Five years after its installation, a state-sponsored solar project at the Nigerian village of Bishop Kodji is not functioning. Below, children labor in the surrounding waters. It was hoped the photovoltaic system would power water pumps and fish driers in the tiny fishing and boat-carving community.

In the shadow of Nigeria's business capital, Lagos, where some of the richest Nigerians live, lay the Onisowo lands.  On an island in Lagos Lagoon, (map) Onisowo is 15 minutes west by water from the prestigious Ikoyi Boat Club, where the wealthy dock their yachts, and 10 minutes east of the private beaches Ibeshe and Ilashe, where they weekend.

Despite its prime location, the island is far removed from robust development elsewhere in the country.

Five years ago, the Lagos state government launched a solar electrification project at the Onisowo village of Bishop Kodji-the first of its kind in the state.
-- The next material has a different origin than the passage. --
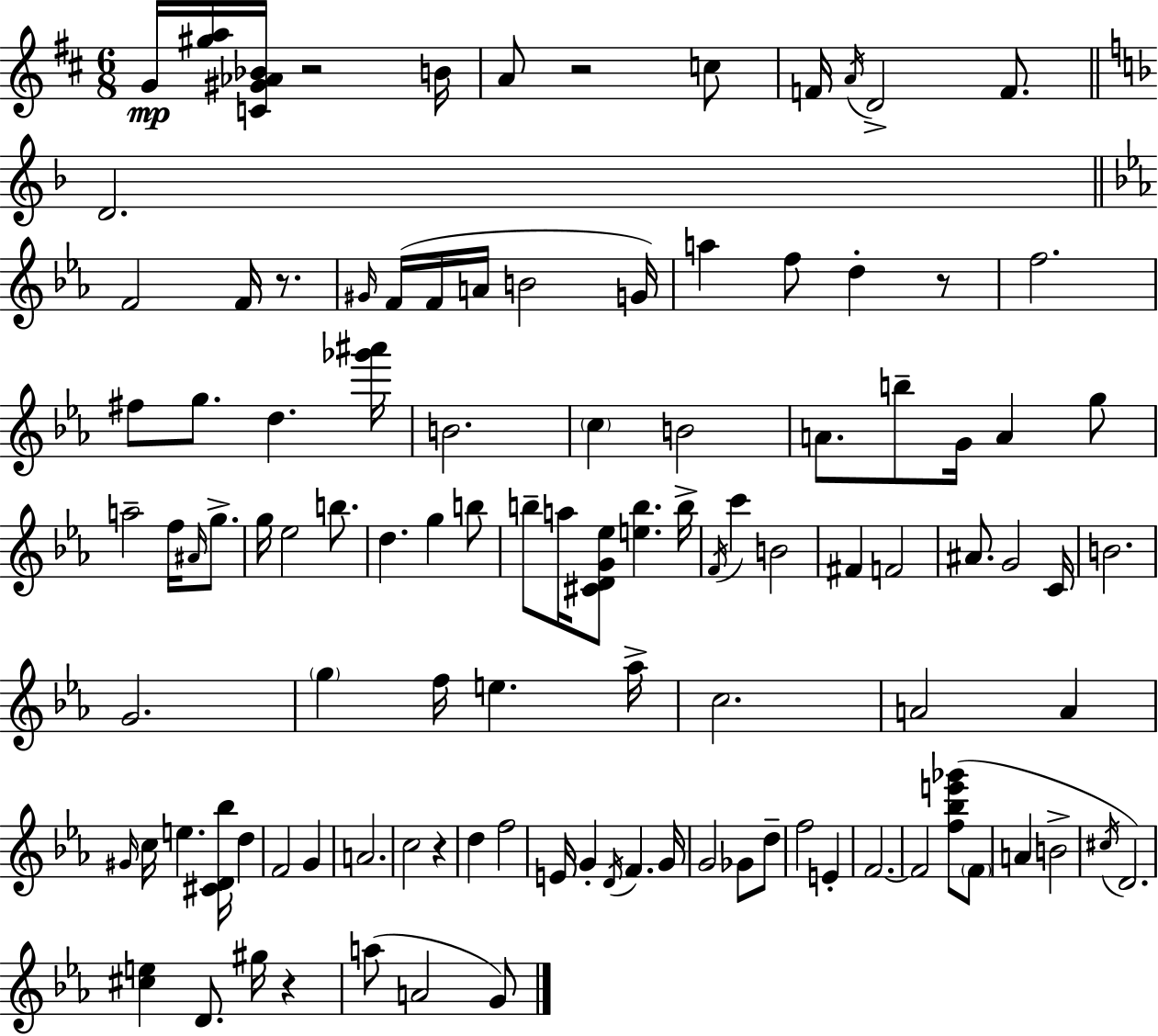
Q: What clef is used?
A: treble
The project was built to power water pumps, fish driers, and street lamps, giving the tiny fishing and boat-carving community's 5,000 residents easier access to drinking water, securing their sandy streets, and strengthening the oceanic island's fishing economy.

Things didn't go as planned.

"We don't know what's going on," said Azime Anthonya traditional leader in Bishop Kodji. "It only worked for about three months, then it stopped. All the places where we are supposed to have light are dark and they never came back to try to fix any of it."

(Related: "Can Solar Save Us?")

The solar system breakdown in Bishop Kodji is just one example of the failures that have typified energy delivery in Nigeria. Nearly 70 percent of people in the West African country do not have access to the national power grid, and the 30 percent who do have access cannot rely on steady power. While the federal government develops and extends the national grid, state governments have increasingly sought alternative energy sources-such as the Bishop Kodji solar project-to meet the shortfall.

What is the way forward.

We propose the following:

1. There must be community help technical entrepreneurs that can come to such communities for a reasonable fee.

2. There must be government private solarpreneur partnership to maintain such services.